EXERCISE DIRECTIONS: Across the records, count every line that includes "Jewelry" and give the number by itself.

>>>>

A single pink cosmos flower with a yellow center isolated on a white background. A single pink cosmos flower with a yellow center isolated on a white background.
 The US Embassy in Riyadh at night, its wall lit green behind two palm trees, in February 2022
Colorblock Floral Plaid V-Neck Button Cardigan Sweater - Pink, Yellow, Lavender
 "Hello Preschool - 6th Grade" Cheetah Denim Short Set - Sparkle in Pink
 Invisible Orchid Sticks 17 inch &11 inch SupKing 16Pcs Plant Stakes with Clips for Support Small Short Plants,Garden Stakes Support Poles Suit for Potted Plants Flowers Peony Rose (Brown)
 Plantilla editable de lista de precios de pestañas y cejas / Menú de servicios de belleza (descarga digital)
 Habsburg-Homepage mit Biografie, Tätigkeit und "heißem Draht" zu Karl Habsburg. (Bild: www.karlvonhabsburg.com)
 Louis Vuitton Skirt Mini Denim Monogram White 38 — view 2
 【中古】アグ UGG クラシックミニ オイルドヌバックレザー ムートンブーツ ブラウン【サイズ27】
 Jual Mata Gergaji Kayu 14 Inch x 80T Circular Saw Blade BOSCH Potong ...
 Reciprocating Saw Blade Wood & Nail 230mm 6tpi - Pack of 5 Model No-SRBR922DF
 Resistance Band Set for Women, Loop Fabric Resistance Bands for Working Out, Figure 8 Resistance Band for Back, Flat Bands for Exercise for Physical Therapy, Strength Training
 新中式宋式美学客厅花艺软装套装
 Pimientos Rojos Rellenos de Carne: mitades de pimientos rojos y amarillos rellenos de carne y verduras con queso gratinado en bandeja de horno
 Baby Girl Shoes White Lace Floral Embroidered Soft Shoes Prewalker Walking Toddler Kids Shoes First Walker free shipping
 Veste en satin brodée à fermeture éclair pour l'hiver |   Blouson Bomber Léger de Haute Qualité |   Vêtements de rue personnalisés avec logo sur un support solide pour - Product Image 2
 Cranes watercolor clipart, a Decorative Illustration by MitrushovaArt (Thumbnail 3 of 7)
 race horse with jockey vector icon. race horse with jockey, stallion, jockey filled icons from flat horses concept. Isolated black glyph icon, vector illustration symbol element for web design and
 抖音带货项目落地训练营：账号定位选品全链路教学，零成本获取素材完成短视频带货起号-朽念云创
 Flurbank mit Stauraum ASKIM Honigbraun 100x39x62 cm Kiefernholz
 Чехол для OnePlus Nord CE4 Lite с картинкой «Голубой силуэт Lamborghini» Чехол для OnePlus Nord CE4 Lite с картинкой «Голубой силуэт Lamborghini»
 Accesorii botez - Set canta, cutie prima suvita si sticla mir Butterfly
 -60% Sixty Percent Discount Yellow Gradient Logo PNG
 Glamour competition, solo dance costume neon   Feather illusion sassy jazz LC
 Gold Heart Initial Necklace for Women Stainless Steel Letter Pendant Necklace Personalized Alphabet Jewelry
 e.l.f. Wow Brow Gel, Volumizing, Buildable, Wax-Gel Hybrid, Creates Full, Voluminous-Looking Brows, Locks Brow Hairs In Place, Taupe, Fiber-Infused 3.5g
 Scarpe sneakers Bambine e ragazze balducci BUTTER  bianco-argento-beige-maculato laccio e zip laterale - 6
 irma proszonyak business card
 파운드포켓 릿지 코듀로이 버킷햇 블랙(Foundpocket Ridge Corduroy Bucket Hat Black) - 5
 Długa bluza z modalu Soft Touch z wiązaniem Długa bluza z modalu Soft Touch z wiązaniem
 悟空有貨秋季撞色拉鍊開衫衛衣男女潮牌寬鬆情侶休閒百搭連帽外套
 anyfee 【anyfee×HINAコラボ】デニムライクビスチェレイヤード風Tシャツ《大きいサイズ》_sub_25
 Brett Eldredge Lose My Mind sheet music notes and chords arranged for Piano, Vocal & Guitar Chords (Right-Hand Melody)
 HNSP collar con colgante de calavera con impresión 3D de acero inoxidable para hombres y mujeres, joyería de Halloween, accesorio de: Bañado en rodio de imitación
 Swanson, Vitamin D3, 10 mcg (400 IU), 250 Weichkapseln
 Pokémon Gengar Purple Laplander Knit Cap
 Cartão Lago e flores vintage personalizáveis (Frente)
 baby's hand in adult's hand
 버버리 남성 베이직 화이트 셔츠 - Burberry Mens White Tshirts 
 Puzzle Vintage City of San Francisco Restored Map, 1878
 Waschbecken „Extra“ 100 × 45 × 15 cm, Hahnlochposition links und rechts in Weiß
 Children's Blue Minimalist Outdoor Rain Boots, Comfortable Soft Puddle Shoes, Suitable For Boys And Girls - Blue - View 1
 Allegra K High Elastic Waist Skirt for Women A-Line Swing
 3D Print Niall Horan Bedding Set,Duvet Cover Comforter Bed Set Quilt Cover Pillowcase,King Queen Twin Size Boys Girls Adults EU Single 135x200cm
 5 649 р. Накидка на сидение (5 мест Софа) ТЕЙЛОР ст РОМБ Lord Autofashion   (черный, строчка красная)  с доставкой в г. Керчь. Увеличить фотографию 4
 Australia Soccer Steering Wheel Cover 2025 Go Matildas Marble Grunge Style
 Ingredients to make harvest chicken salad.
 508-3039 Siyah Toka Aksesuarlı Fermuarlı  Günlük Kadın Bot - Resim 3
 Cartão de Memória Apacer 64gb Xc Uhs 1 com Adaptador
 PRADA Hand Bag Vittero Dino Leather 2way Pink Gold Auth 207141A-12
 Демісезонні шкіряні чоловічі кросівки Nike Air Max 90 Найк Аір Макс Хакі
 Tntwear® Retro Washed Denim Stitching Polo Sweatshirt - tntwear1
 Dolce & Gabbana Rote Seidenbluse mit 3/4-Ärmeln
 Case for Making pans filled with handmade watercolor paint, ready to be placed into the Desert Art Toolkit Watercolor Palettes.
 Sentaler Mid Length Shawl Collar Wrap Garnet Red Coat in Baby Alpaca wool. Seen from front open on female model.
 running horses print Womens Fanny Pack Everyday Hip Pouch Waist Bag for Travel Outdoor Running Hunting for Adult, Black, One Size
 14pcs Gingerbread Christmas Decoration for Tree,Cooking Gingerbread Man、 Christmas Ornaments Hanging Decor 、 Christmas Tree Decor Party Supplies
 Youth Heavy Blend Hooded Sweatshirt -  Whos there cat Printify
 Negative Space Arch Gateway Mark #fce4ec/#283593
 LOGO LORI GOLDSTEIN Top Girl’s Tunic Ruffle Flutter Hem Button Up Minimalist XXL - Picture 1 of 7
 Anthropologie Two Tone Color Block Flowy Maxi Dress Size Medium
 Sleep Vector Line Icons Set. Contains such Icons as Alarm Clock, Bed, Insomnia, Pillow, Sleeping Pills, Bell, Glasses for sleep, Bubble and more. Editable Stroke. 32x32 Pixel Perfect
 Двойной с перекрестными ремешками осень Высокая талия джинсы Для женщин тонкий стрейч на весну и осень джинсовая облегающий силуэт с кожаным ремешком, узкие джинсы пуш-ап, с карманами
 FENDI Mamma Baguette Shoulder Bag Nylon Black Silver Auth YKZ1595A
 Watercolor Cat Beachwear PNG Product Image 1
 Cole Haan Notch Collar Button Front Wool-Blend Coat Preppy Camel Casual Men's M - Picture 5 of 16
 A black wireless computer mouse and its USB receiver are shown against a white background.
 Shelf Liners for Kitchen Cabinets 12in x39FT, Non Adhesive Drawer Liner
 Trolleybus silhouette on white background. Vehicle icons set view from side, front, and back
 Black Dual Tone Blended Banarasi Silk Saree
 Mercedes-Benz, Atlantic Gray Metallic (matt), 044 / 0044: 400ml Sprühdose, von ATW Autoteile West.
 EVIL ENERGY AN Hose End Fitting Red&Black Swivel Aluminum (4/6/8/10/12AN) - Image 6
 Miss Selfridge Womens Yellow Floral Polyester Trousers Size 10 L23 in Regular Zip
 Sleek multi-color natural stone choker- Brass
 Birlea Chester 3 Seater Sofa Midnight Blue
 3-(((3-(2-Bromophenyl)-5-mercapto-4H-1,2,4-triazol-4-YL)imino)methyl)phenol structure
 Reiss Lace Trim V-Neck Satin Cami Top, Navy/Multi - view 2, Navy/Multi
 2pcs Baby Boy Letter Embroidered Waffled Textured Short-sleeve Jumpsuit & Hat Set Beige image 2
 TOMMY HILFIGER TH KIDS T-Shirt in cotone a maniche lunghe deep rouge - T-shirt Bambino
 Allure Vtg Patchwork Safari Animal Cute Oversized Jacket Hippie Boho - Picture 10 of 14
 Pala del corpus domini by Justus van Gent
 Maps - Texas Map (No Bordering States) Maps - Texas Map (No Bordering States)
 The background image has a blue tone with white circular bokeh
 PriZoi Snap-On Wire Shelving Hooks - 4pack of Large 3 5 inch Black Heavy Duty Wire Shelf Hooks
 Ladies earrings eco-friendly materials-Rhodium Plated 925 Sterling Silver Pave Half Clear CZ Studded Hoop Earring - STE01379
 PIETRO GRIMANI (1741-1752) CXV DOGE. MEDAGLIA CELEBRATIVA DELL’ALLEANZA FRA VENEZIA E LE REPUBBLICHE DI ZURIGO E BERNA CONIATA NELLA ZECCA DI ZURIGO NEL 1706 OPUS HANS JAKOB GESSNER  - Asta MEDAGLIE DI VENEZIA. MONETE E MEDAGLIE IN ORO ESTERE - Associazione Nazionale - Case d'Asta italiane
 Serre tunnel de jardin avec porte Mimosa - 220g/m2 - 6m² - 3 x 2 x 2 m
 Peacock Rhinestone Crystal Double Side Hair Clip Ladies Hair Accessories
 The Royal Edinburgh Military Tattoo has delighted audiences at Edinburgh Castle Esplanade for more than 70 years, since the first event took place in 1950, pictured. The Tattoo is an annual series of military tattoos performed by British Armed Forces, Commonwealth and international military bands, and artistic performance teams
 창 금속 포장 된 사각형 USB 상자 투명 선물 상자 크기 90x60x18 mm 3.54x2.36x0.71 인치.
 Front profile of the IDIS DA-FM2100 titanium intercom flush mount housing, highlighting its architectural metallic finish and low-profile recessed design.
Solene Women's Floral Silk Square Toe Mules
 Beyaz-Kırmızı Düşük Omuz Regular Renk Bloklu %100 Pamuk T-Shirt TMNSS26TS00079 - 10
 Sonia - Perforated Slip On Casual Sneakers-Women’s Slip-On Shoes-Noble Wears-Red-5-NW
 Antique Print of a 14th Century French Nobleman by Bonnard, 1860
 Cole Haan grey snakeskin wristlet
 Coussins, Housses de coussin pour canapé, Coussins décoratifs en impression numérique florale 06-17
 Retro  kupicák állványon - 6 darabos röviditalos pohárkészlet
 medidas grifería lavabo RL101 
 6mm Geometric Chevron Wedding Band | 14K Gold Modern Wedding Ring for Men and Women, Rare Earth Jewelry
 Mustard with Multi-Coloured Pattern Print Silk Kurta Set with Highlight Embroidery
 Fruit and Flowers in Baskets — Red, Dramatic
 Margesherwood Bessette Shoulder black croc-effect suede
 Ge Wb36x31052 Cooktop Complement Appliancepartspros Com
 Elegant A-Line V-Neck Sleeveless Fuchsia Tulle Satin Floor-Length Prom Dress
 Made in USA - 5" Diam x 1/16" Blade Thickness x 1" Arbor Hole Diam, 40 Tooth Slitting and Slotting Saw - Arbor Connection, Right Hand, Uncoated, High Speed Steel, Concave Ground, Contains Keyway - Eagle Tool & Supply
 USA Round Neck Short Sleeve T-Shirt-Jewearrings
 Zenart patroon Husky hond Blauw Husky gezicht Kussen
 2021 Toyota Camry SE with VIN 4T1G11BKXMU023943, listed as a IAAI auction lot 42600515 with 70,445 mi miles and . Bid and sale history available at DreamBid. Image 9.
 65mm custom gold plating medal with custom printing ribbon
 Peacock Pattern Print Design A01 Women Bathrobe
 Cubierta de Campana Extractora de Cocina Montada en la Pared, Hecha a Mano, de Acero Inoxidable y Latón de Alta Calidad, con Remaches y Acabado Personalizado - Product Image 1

<<<<

RESPONSE BOX: 2